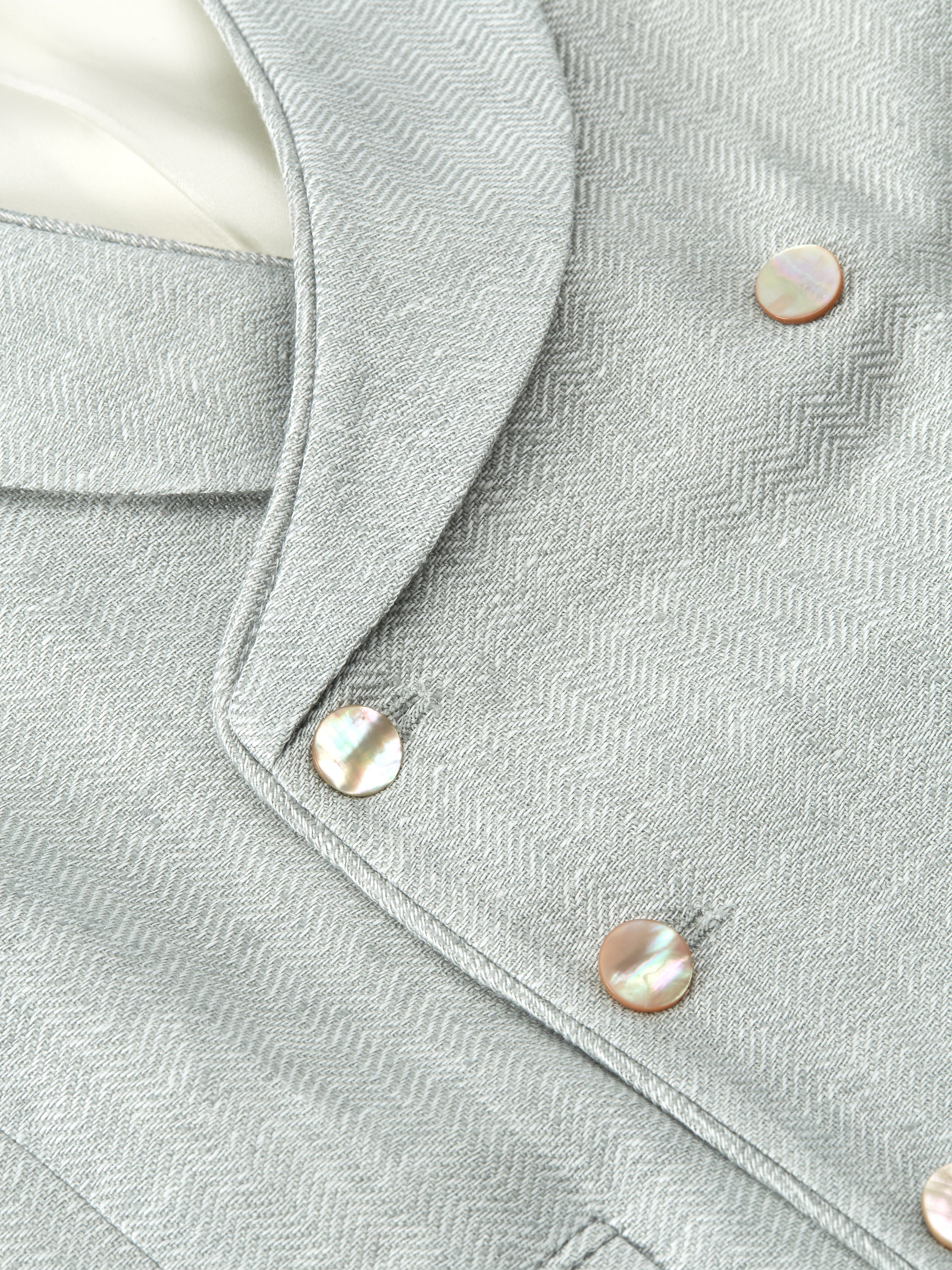 Pistachio Randwick Double Breasted Waistcoat with Piping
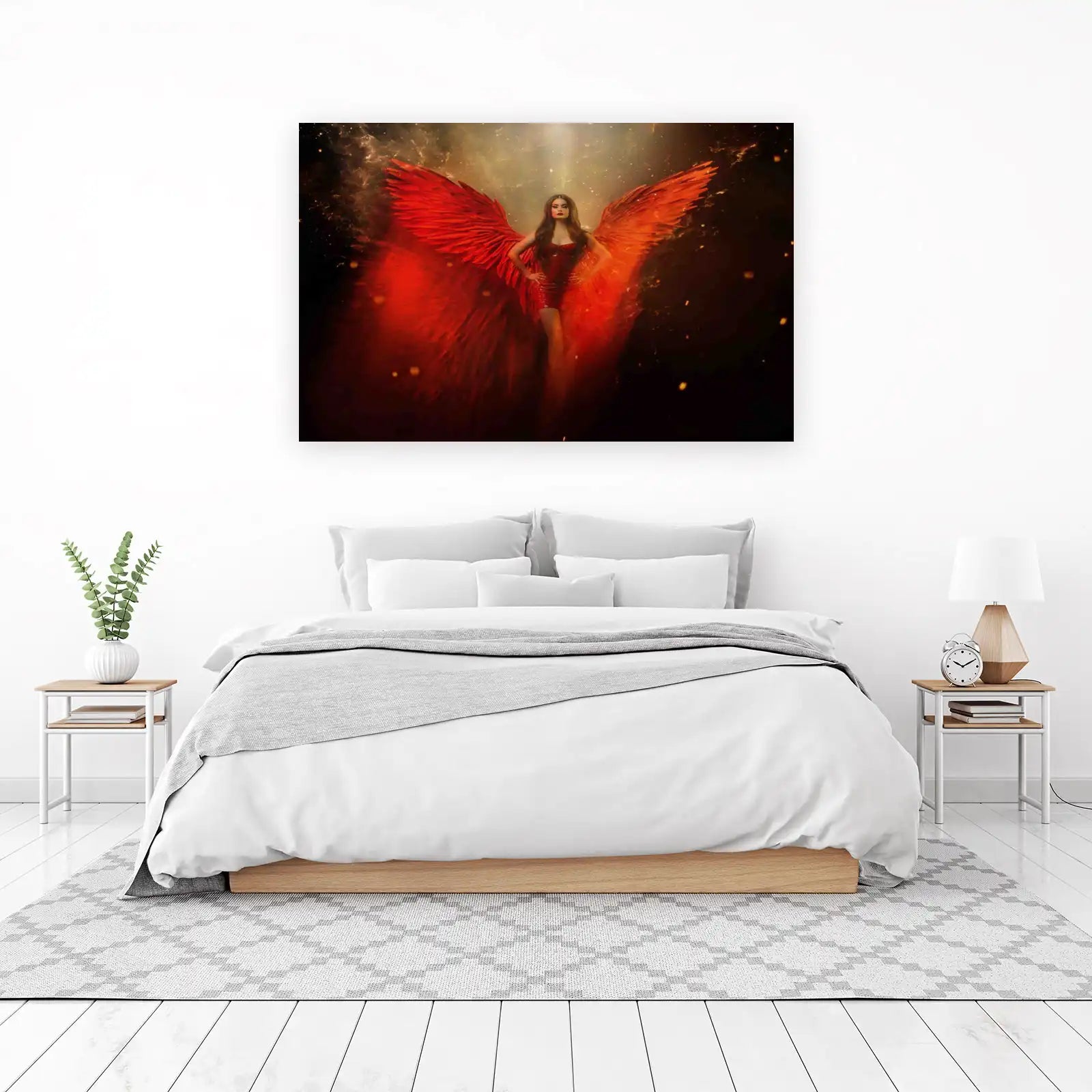 Fiery Angel Wings Wall Art - Fantasy Art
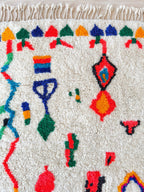 Tapis Berbère Coloré - 149 X 290 Cm - N°2026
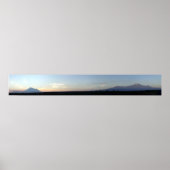 Poster Montagnes majestueuses (Devant)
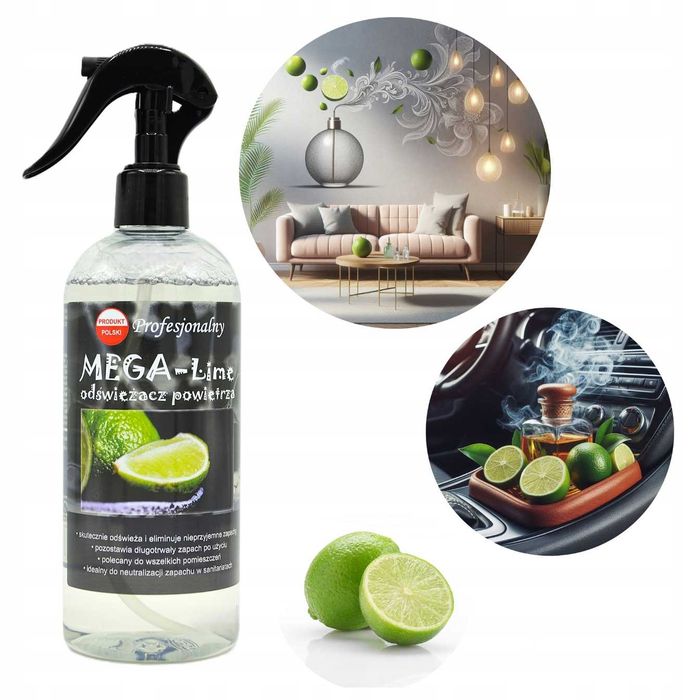 DOLPHIN Odświeżacz powietrza MEGA Lime zapach limonka 400 ml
★ ★ ★ ★ ★
> **The problem**
Your answer must be an exact copy of the records, with no pictures in it.

> **Answer to the exercise**
 Pistachio Randwick Double Breasted Waistcoat with Piping
 Fiery Angel Wings Wall Art - Fantasy Art
 Tapis Berbère Coloré - 149 X 290 Cm - N°2026
 Poster Montagnes majestueuses (Devant)
 DOLPHIN Odświeżacz powietrza MEGA Lime zapach limonka 400 ml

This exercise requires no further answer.